— THE DATA —

# # # # # # #

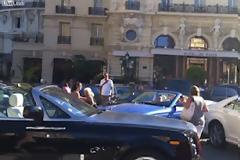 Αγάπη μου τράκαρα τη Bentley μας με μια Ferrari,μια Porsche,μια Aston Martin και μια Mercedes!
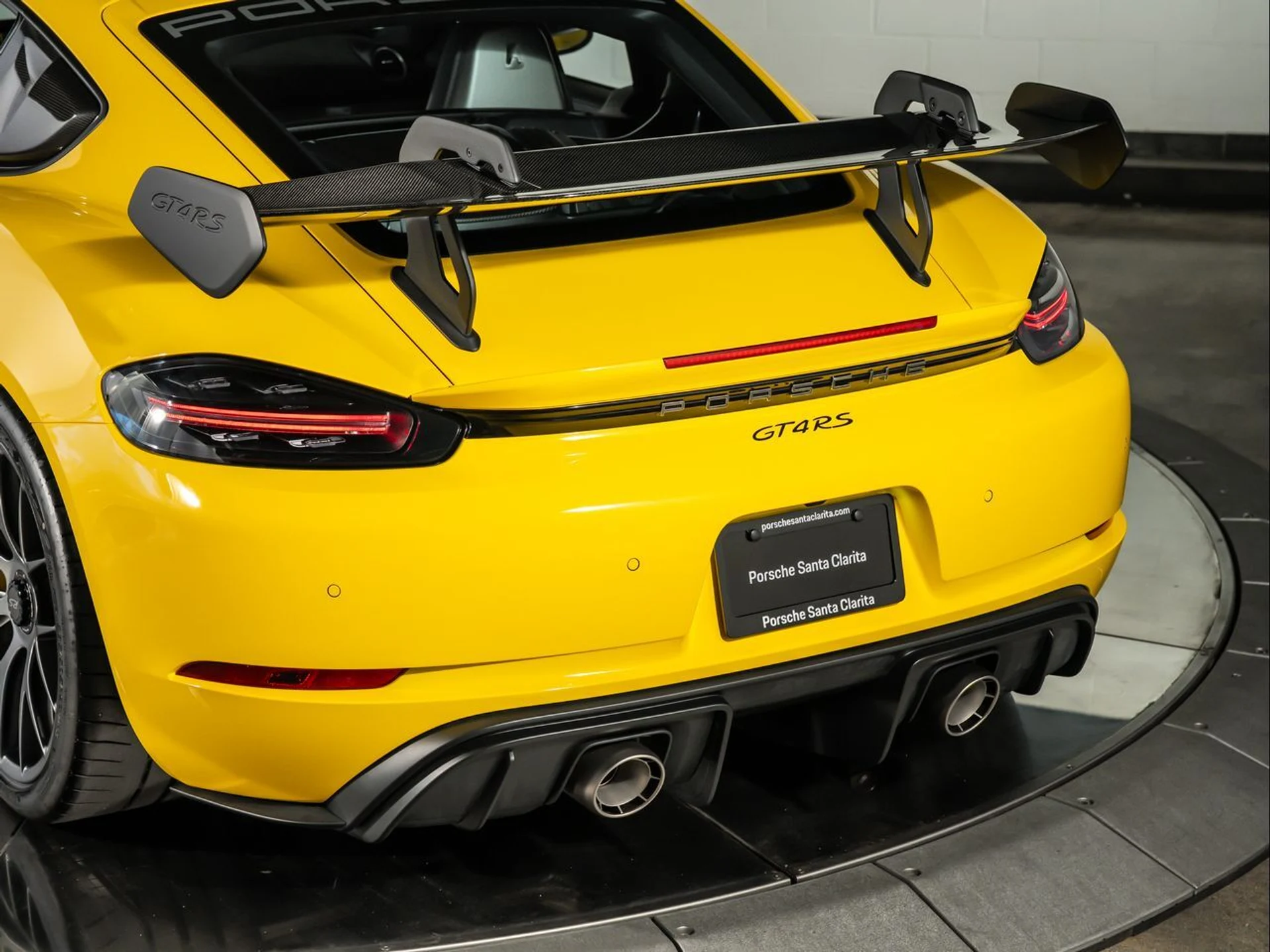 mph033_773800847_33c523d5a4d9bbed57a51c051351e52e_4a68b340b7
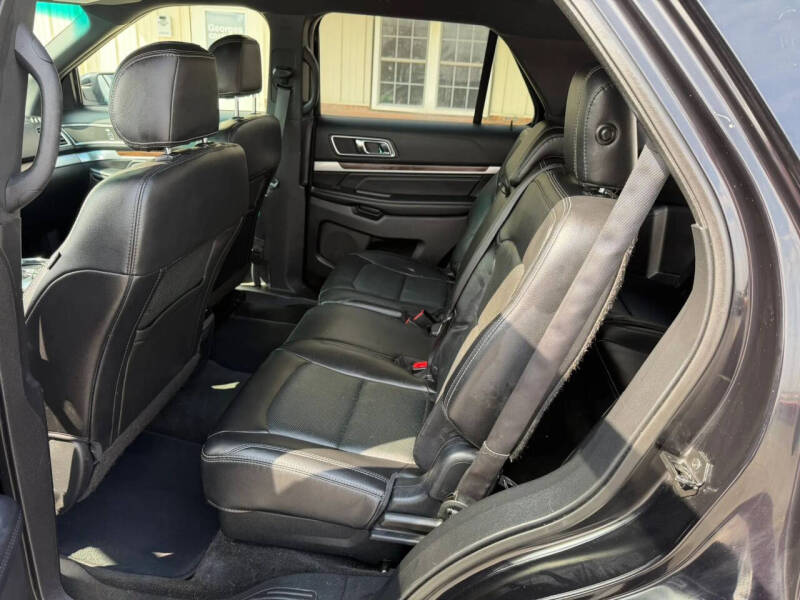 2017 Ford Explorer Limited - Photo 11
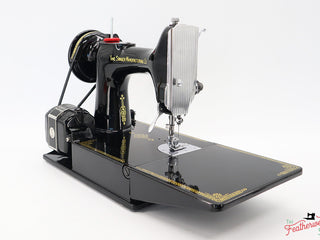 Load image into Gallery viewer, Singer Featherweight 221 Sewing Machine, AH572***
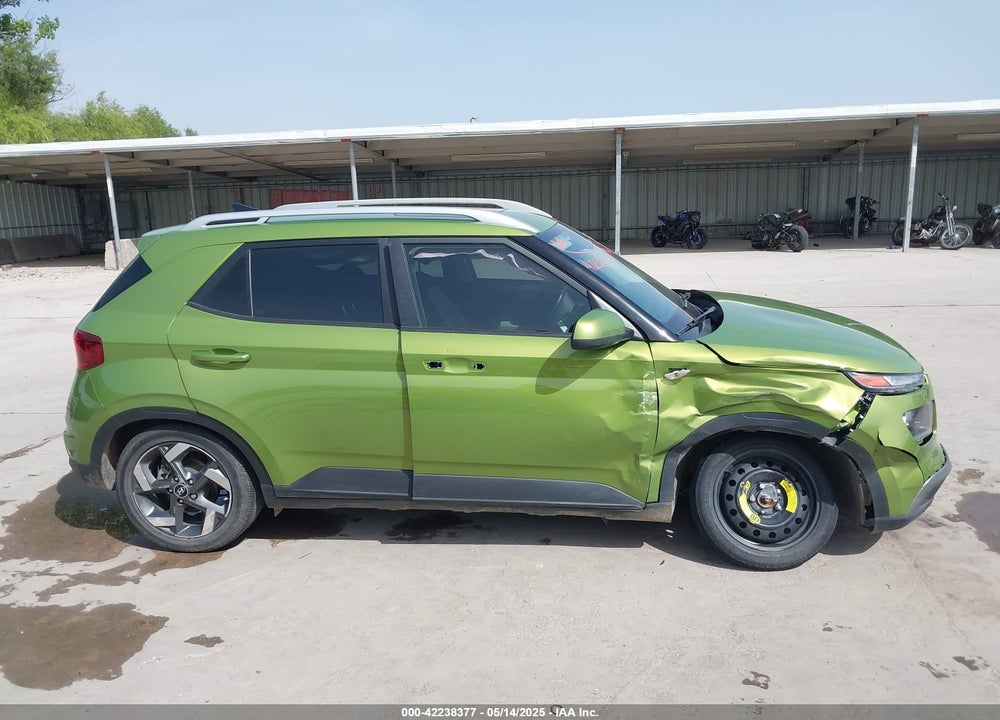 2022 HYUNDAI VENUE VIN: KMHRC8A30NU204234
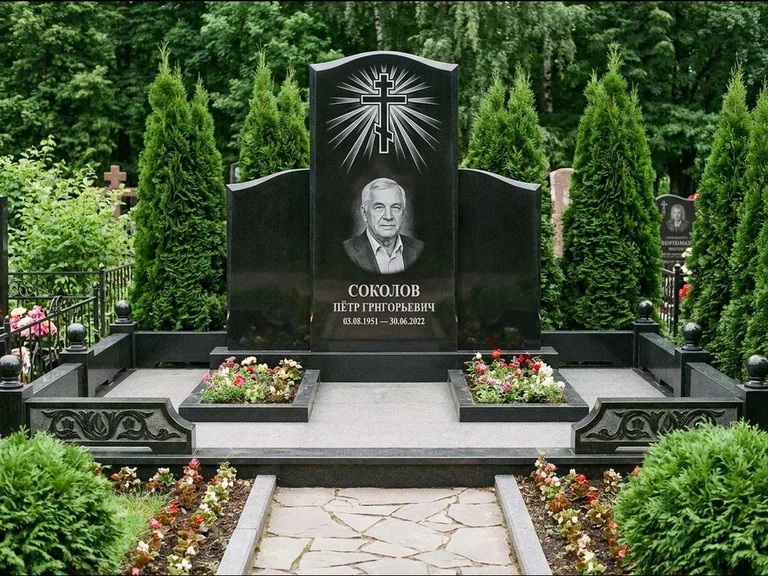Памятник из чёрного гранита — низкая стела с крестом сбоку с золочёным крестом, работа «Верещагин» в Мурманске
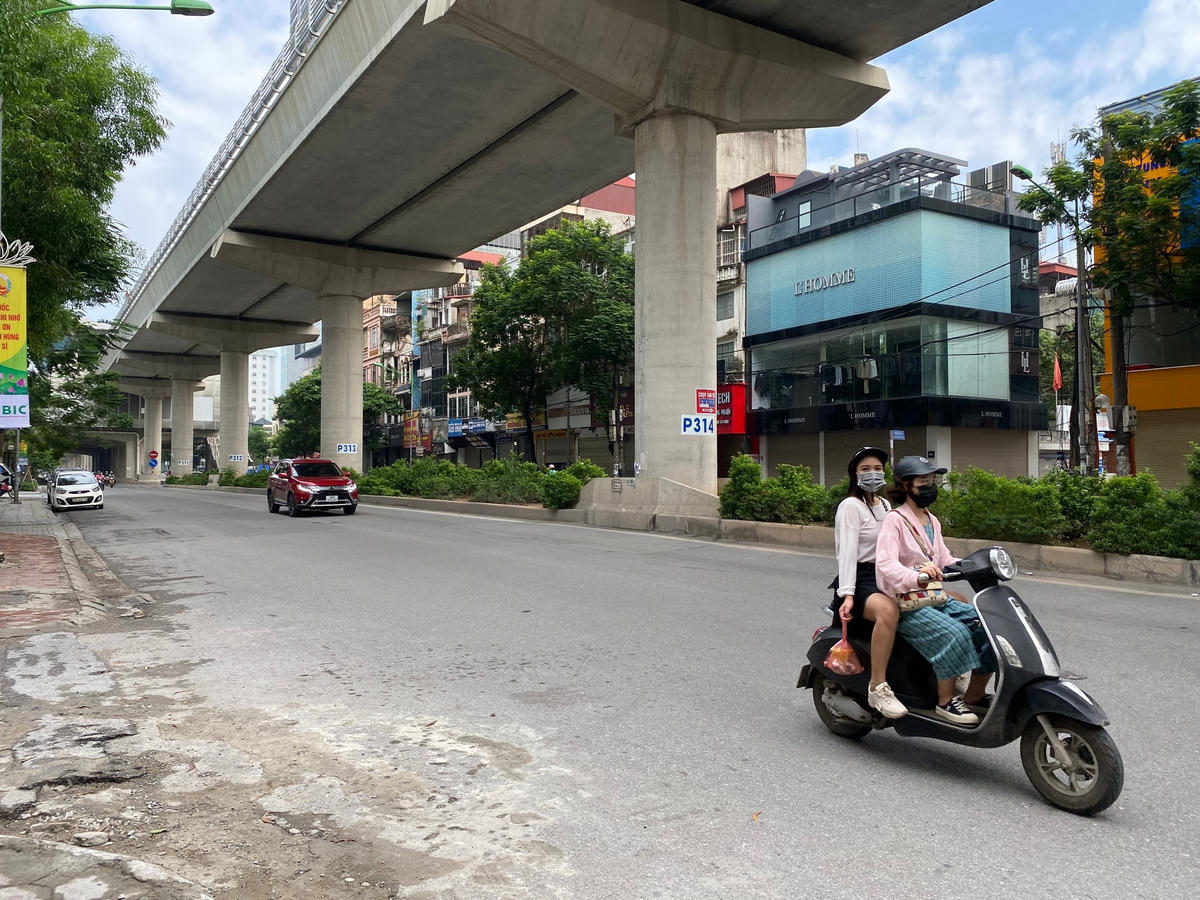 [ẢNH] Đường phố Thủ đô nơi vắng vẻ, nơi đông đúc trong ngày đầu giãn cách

# # # # # # #

— YOUR INSTRUCTIONS —
Find the line that contains "Load image into", then write out that line and every line after it through the end of the records, exactly. Leave the pictures out.

— WRITTEN SOLUTION —
 Load image into Gallery viewer, Singer Featherweight 221 Sewing Machine, AH572***
 2022 HYUNDAI VENUE VIN: KMHRC8A30NU204234
Памятник из чёрного гранита — низкая стела с крестом сбоку с золочёным крестом, работа «Верещагин» в Мурманске
 [ẢNH] Đường phố Thủ đô nơi vắng vẻ, nơi đông đúc trong ngày đầu giãn cách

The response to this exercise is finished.